In my best playthrough, I made it to the fifth round before losing my final Galaxip. Although there are no shields to hide behind or punch through, there is still plenty of strategic decision making involved. For instance, the Galaxians do not attack at all for the first few seconds, and also will cease fire for a few seconds more whenever you destroy a flagship. There are a number of possible strategies already.
- Attack a side-column. As with Space Invaders, eliminating a column means the phalanx is narrower, and will therefore take longer to move across the entire screen width and change direction less often, making them easier to hit. It also means the Galaxians will have less horizontal spread when they attack; the Galaxians on the far sides tend to have the widest swoops. The risk here is that you’ll need to spend your time close to a corner, making it more likely that you get driven into the corner once the Galaxians start attacking.

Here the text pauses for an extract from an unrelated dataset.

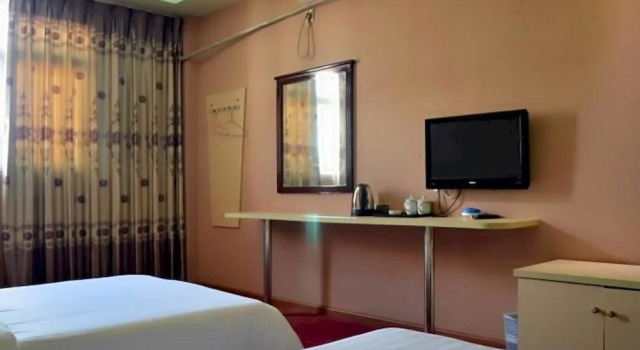 Shenghua Hotel, Buchen Sie Hotel Guandu Kunming, in der Nähe von Fude Station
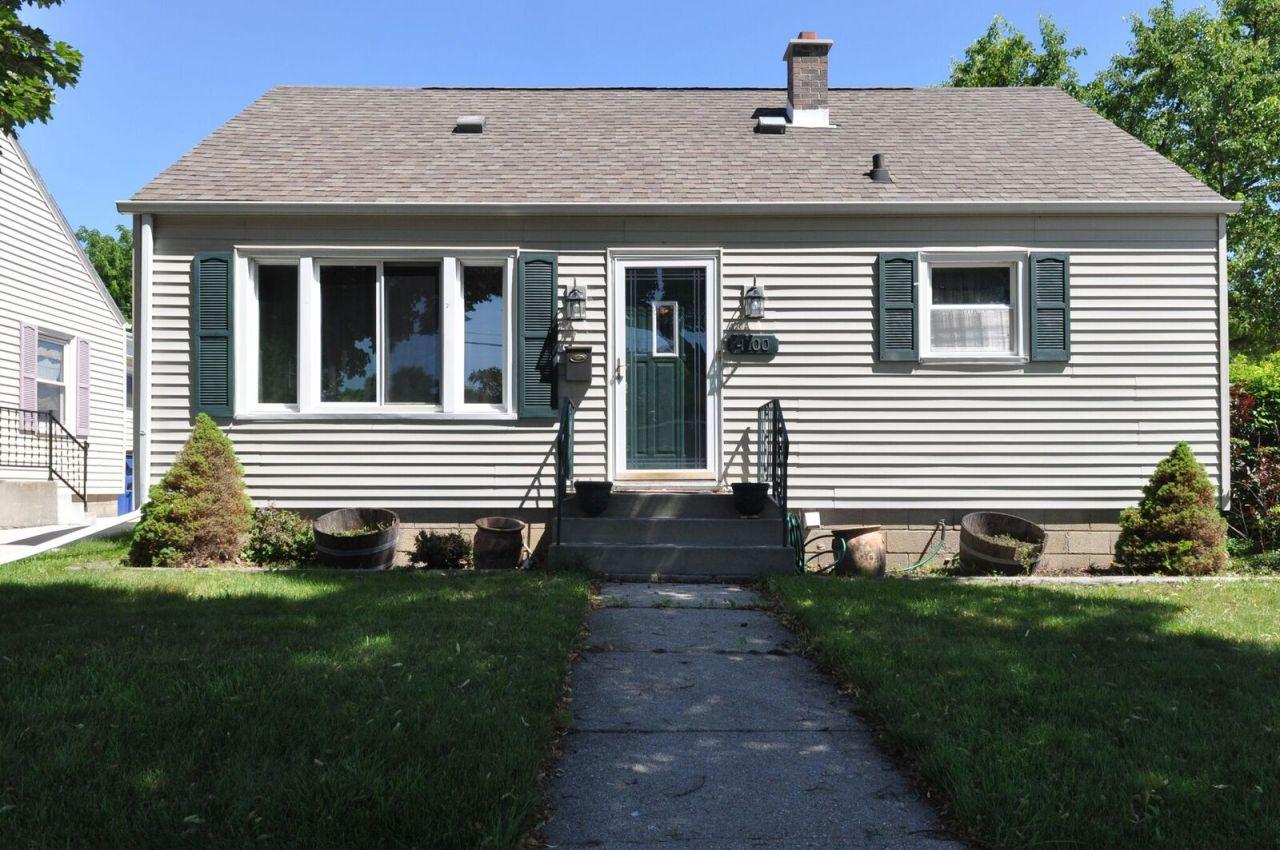 4100 21st St, Racine, WI 53405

- Attack the bottom row. By getting rid of the closest row, you’ll have slightly more time to react when the Galaxians from the rows above it start attacking. It’s also safer than attacking a column, as you won’t need to spent as much time close to a corner, and won’t be at the same risk of being driven into it. But you will need to move around a lot more, which makes aiming all the more difficult.
- Do nothing, and wait for the Galaxians to attack. This can be rewarding because Galaxians are worth twice as many points when charging, but dangerous because you are ensuring that any and every Galaxian has the opportunity to attack.
Attacking Galaxians as they dive-bomb you is encouraged in a number of ways. Most directly, the point values are doubled. Hitting them mid-dive may be easier or harder; easier because they’ll be closer, but possibly harder if their horizontal swoop is fast enough. Because they are closer, a correctly aimed shot will hit them in less time, and you can fire again that much sooner. But this is also risky, as they often flank you, and going out of your way to line up a shot can wind up getting you trapped or caught off-guard by another attack formation. The ultimate challenge is the flagship formations, which always attack with two red escorts if they are alive and bombard you heavily. Taking out both escorts and then shooting the flagship before it completes its dive is worth a combined 1,000 points, but only if done in that order and all during the same dive. For comparison, a solo flagship is only worth 120.
Galaxian’s pretty good! Comparisons to Space Invaders are unavoidable, but it’s an iterative improvement. It’s a bit slow paced compared to later games, but the strategy and precision involved makes it satisfyingly challenging. I enjoyed the sound and visuals, and found the skill bonus from shooting the flagship formations to be a lot more interesting than shooting Space Invaders’ UFO.